CNPq, entidade essencial ao desenvolvimento
nacional, é o alvo da vez. Série de cortes brutais em Educação e Ciência
escancara um Brasil que deixou de apostar no futuro. Desesperançados, muitos
pesquisadores já abandonam o país…
Por Roberto Amaral
Robert Oppenheimer é reconhecidamente um dos mais
renomados físicos do século passado. Prêmio Enrico Fermi de
1963, dirigiu o Projeto Manhattan para o desenvolvimento da bomba atômica
durante a Segunda Guerra Mundial, no Laboratório Nacional de Los Alamos, no
Novo México. No auge de seu prestígio internacional esteve em nosso país, e no
Rio de Janeiro, no dia 23 de julho, pronunciou uma conferência da qual Renato
Archer, futuro ministro da ciência e tecnologia (1985-1987) colheu a
seguinte afirmação: “Se eu tivesse visitado o Brasil há três anos e me
fosse dado percorrer o mesmo itinerário [centros científicos do Rio, São
Paulo e Minas Gerais, em cinco semanas] teria vindo aos senhores para
lhes implorar que criassem um Conselho Nacional de Pesquisas idêntico ao que
ora existe” (cf. FILHO, Alvaro Rocha. Renato Archer – Depoimento.
Contraponto, 2006, p. 64).
Pois destruir essa instituição, o
hoje Conselho Nacional de Desenvolvimento Científico e Tecnológico-CNPq,
vinculado ao MCTI, é o projeto do governo do capitão, a que se associa a
maioria do pior Congresso que nosso país já teve em toda sua tumultuada vida
republicana! Em ofício à Comissão Mista de Orçamento (CMO) do Congresso
Nacional, o especulador Paulo Guedes decidiu, com a aquiescência de todos os
partidos (menos o PSOL, registre-se), cortar os recursos antes carreados à
ciência e tecnologia, no montante de R$ 690,00 milhões,
para meros R$ 55,2 milhões destinados a pesquisas com radiofármacos
(e insuficientes para esse fim). Trata-se de sentença de morte que pesa
sobre os destinos do país, condenando-nos a atraso irremediável.

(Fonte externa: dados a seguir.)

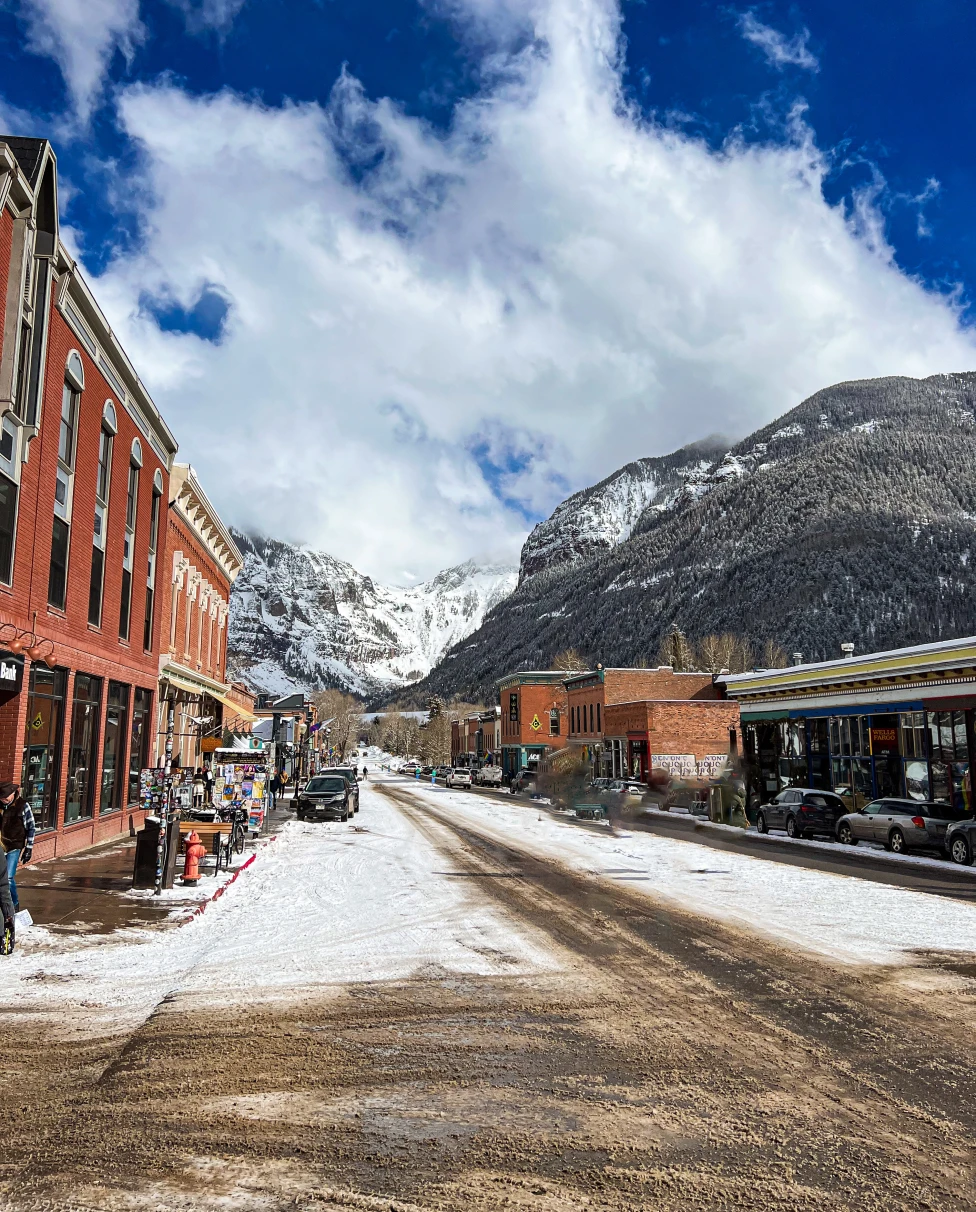 Snow capped mountains with white clouds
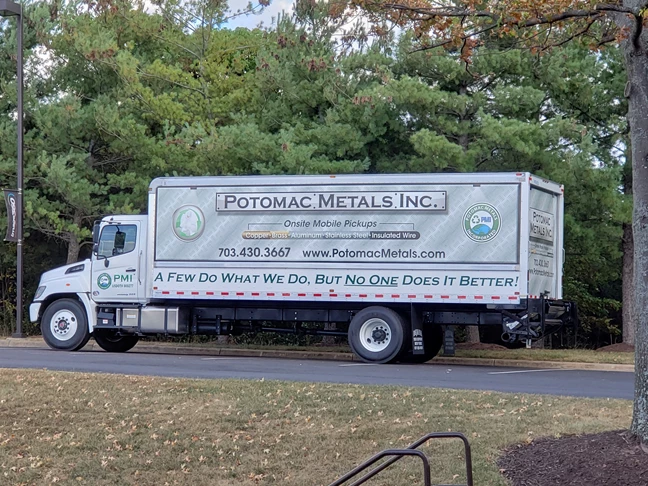 This vehicle was wrapped at our own shop in Dulles. This truck from Potomac Metals is 24 feet long!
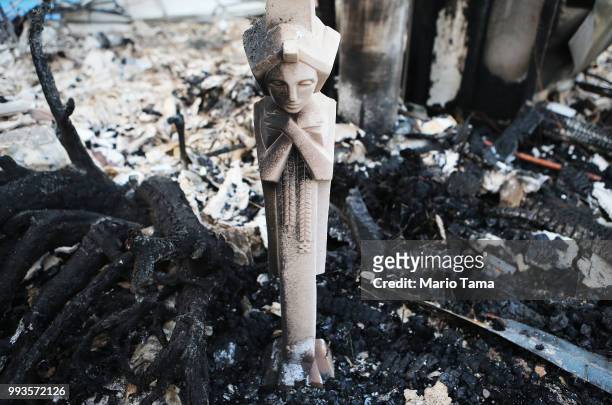 Charred statuette stands in the remains of a destroyed home in the aftermath of the Holiday Fire on July 7, 2018 in Goleta, California. The fire...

O macabro objetivo do bolsonarismo é destruir o Sistema Nacional de Ciência,
Tecnologia e Inovação, construído numa saga que já completa 70 anos. A
razia opera mediante o garrote financeiro. Enquanto os países da OCDE investem,
em média, mais de 2% de seu orçamento em ciência e tecnologia, a Coreia do Sul
e Israel mais de 4%, o Brasil, em 2020, investiu apenas 1% e ainda reduziu
drasticamente os recursos destinados a 2021! O governo que desconstitui o
ensino superior também investe contra a base da escolaridade. Segundo a mesma
OCDE, entre 40 países avaliados, o Brasil é aquele em que o piso do professor
do ensino fundamental é o mais baixo.
Em 2020 o MCTI (valores corrigidos) recebeu menos
recursos do que em 2009, e o orçamento para 2021, tanto quanto o do MEC, já
eram inferiores aos dos anos anteriores.
Para onde vai a “economia”?
Os recursos desviados do CNPq serão
distribuídos pelo governo através da artimanha “emendas do relator do
orçamento”, excrescência da legislação orçamentária que permite irrigar as
bases eleitorais dos apaniguados sem obedecer ao princípio constitucional da
transparência.
Como combater as desigualdades em país que mais e
mais aprofunda a concentração de renda, se não investimos em educação? Na
CAPES-Coordenação de Aperfeiçoamento de Pessoal de Nível Superior, fundação do
Ministério da Educação responsável pela consolidação do sistema de
pós-graduação no Brasil, os recursos caíram de R$ 2,8 milhões em 2020, para
R$1,9 milhão este ano. Quando no mundo faltam semicondutores, afetando até a
produção industrial brasileira, o capitão está liquidando o Centro Nacional de
Tecnologia Eletrônica Avançada SA – CEITEC, a maior empresa produtora de
semicondutores do país, que forma mão de obra, promove pesquisa e desenvolve
produtos para o mercado nacional. Como transitar da condição de país
economicamente atrasado e politicamente dependente na periferia do capitalismo,
como superar o estágio de tradicional exportador de matérias-primas para a de
exportador de produtos com valor agregado, como industrializar-se e competir no
mercado internacional, como, enfim, desenvolver-se, quando o sistema nacional
de ciência e tecnologia é desmontado?
O governo, que já devastou nosso presente,
trata agora de nos negar a chance de futuro, uma faina à qual se dedica desde o
primeiro dia em que, com seus engalanados bem comissionados se
aboletou em Brasília, perseguindo a inteligência brasileira, cortando recursos
fundamentais para o ensino, a pesquisa e o desenvolvimento científico.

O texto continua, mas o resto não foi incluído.